Les éminentes vertus du travail

Une enquête sur un cas d'abus de l'aide sociale à Genève a montré que, pour certaines catégories de personnes, être à l'assistance est financièrement plus intéressant que de travailler. Il en va à peu près de même dans le Canton de Vaud. Les responsables des affaires sociales ne le contestent pas et cherchent des réponses. Nous suggérons qu'ils n'oublient jamais, dans leurs réponses, de rappeler les vertus éminentes du travail.

La première de ces vertus, dans l'ordre de l'urgence, c'est que mon travail me permet de manger et d'entretenir les personnes qui sont à ma charge. Corollaire: disposer d'un gagne-pain réduit ma dépendance vis-à-vis de la société, qu'il s'agisse de l'Etat ou d'associations d'entraide.

La seconde est que mon travail, si humble soit-il, est une contribution à la vie de la communauté. Occupant une place utile, parfois nécessaire, dans la chaîne de services réciproques que constitue l'économie, je rends possible le travail des autres.

On parle beaucoup de développer «l'estime de soi». Le fait qu'on m'emploie, qu'on me confie des mandats, qu'on achète mes produits traduit une confiance sociale qui est un élément majeur de cette estime. Mon revenu est la manifestation matérielle de la reconnaissance, par mes semblables, de mon importance, de ma réalité. Je sers, j'existe.

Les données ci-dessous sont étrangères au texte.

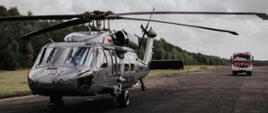 Na pierwszym planie, stoi na asfaltowym pasie, szary śmigłowiec Black Hawk z napisem POLICJA, , w tle czerwony wóz strażacki.
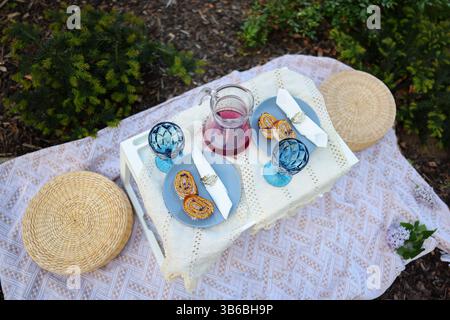 Gemütliches Picknick im Freien mit Gebäck, Beerensaft und blauen Gläsern auf einer Vintage-Tischdecke. Elegantes und rustikales Sommerrestaurant im Garten Stockfoto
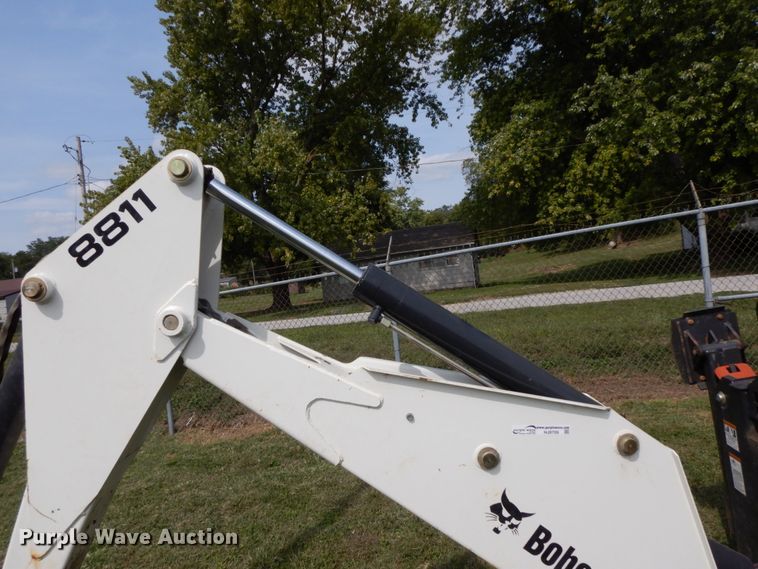 image for item HJ9709 Bobcat 8811 skid steer backhoe attachment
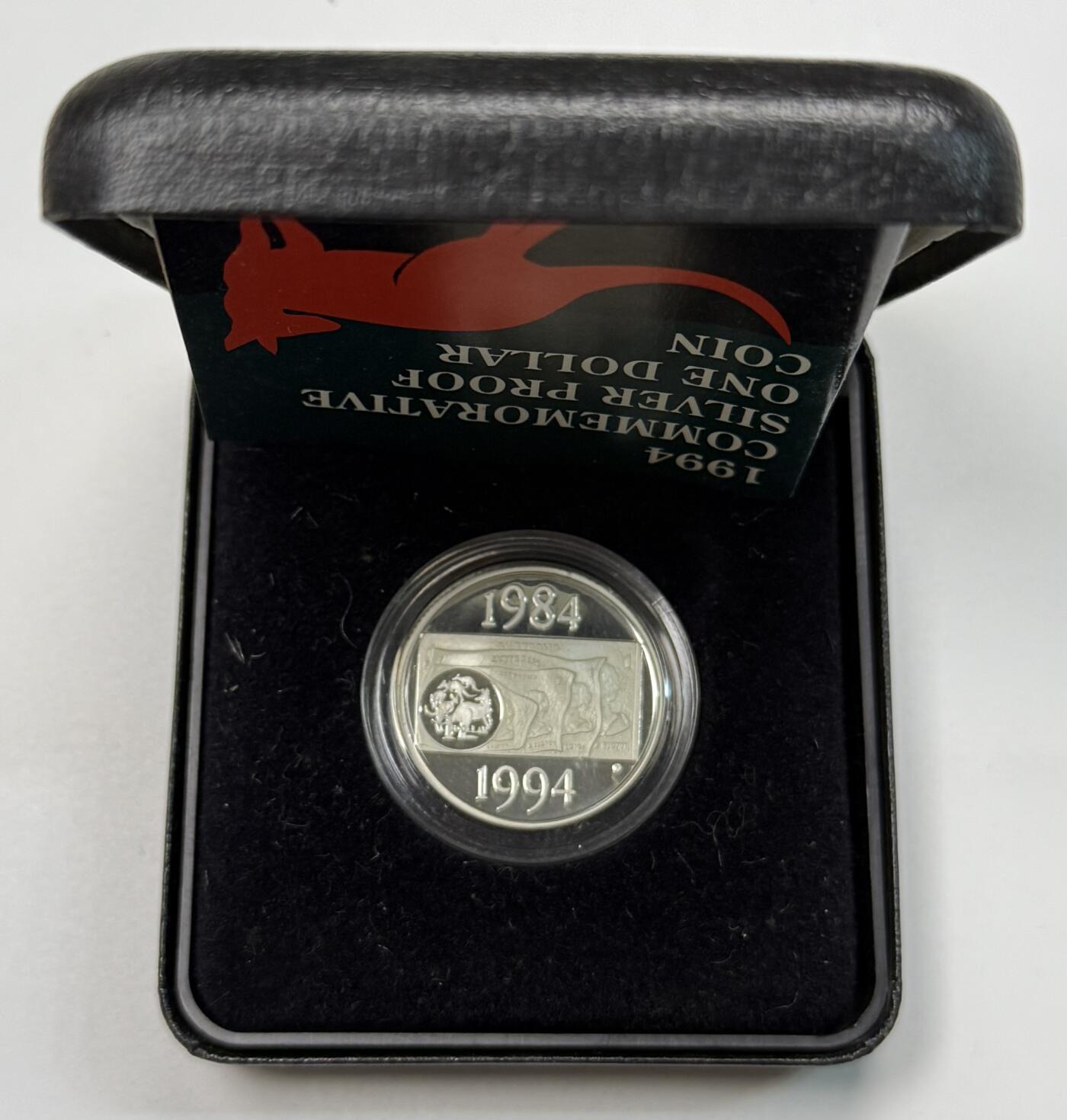 S&S Numismatic世界钱币-拍卖 第118期  澳大利亚1994年 澳元硬币发行十周年 1澳元精制纪念银币 盒证齐全 半边齿和全边齿2枚全套 11.49克925银/枚，品相如图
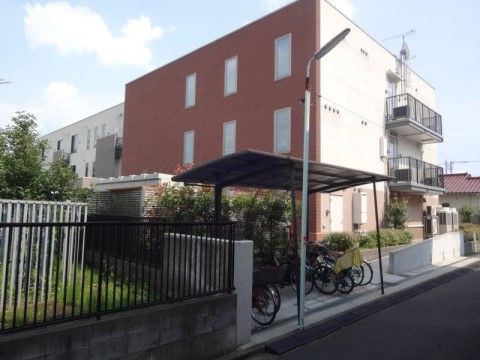屋根付きの駐輪場があり、その向こう側に施設が建っている風景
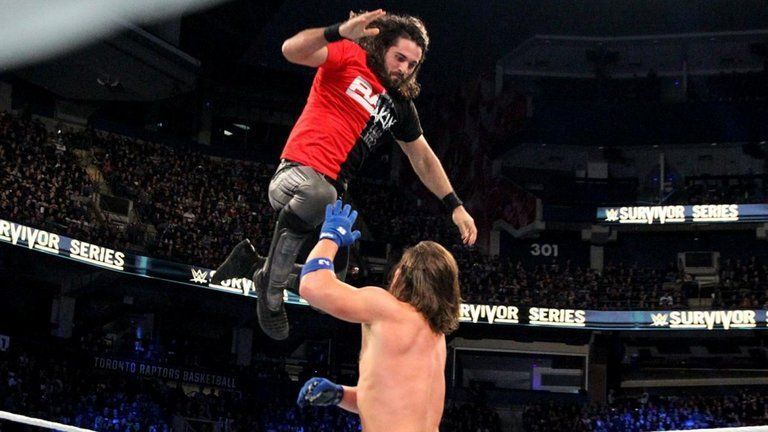 Seth Rollins leaps on to AJ Styles at Survivor Series 2016 
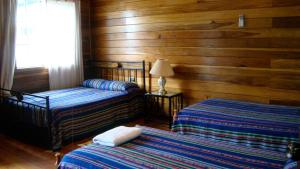 two beds in a room with wooden walls at Hotel Laguna in Bocas Town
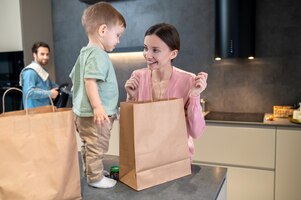 Aliments. jeune maman avec un petit enfant ouvrant des sacs avec de la nourriture dans la cuisine
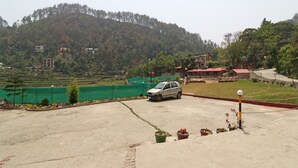 A parking area with a car, potted plants, and a view of terraced fields and buildings on a hillside. - OYO 13756 Damyanty Residency & Resort (Nainital)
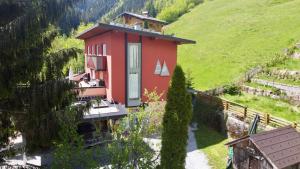 czerwony dom na wzgórzu obok płotu w obiekcie Haus Bodner-Scherer w mieście Mühlbach am Hochkönig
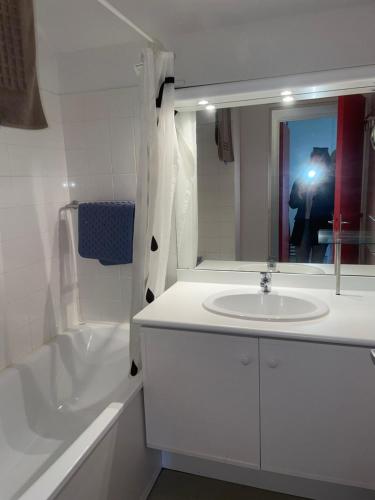 een badkamer met een wastafel, een bad en een spiegel bij Chalet lac de la Raviege vue lac in La Salvetat
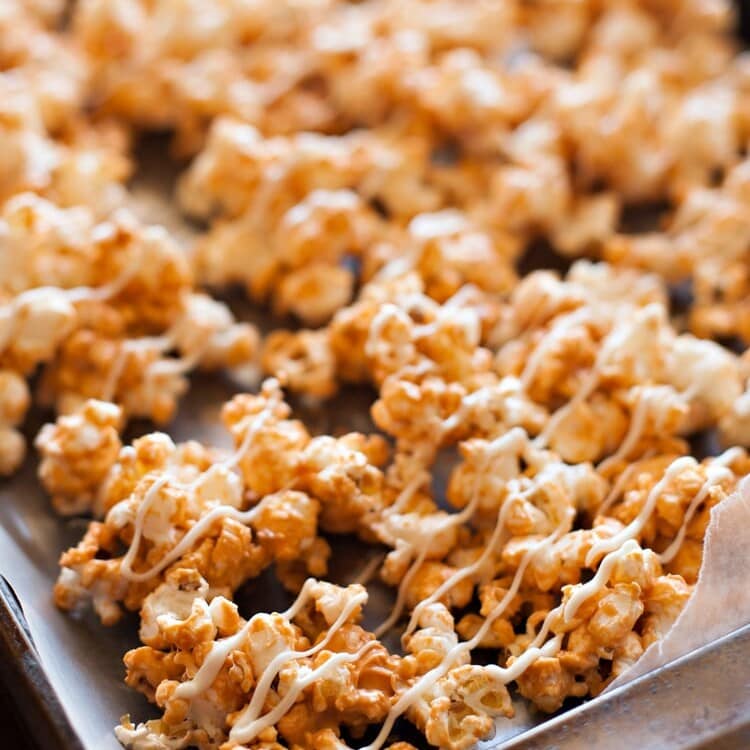 Butterscotch Popcorn drizzled with white chocolate on wax paper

Mon estime de moi s'accroît encore si mon travail correspond à mes aspirations et me donne l'occasion de développer une capacité ou un don particuliers.

Sur le plan religieux, le travail est une mise en valeur du monde créé. C'est une collaboration valorisante avec l'Auteur de toute chose. Cette perspective spirituelle confère une dignité essentielle au moindre des emplois.

Bien entendu, un travail est plus ou moins intéressant, plus ou moins pénible, plus ou moins rémunérateur. Certaines activités sont gratifiantes au point que la retraite se profile comme une menace à l'horizon. Pour d'autres, exigeantes voire écrasantes physiquement ou nerveusement, elle est une délivrance.

Mais l'idée que le travail est principalement une peine et l'instrument par excellence de «l'exploitation de l'homme par l'homme», courante dans les partis censés représenter les employés, est contradictoire. Elle revient à dire que l'idéal, c'est d'être un travailleur et de ne pas travailler.

Les aides sociales permettent au chômeur de survivre. C'est déjà beaucoup. Il reste que celui qui ne travaille pas ne profite pas de la reconnaissance publique de son travail et qu'il se voit privé de la satisfaction morale de contribuer à l'effort commun. En ce sens, si l'on doit débusquer les profiteurs de l'aide sociale et combattre leur multiplication, on doit en même temps les plaindre d'avoir une vision aussi étriquée de leur rôle dans la société.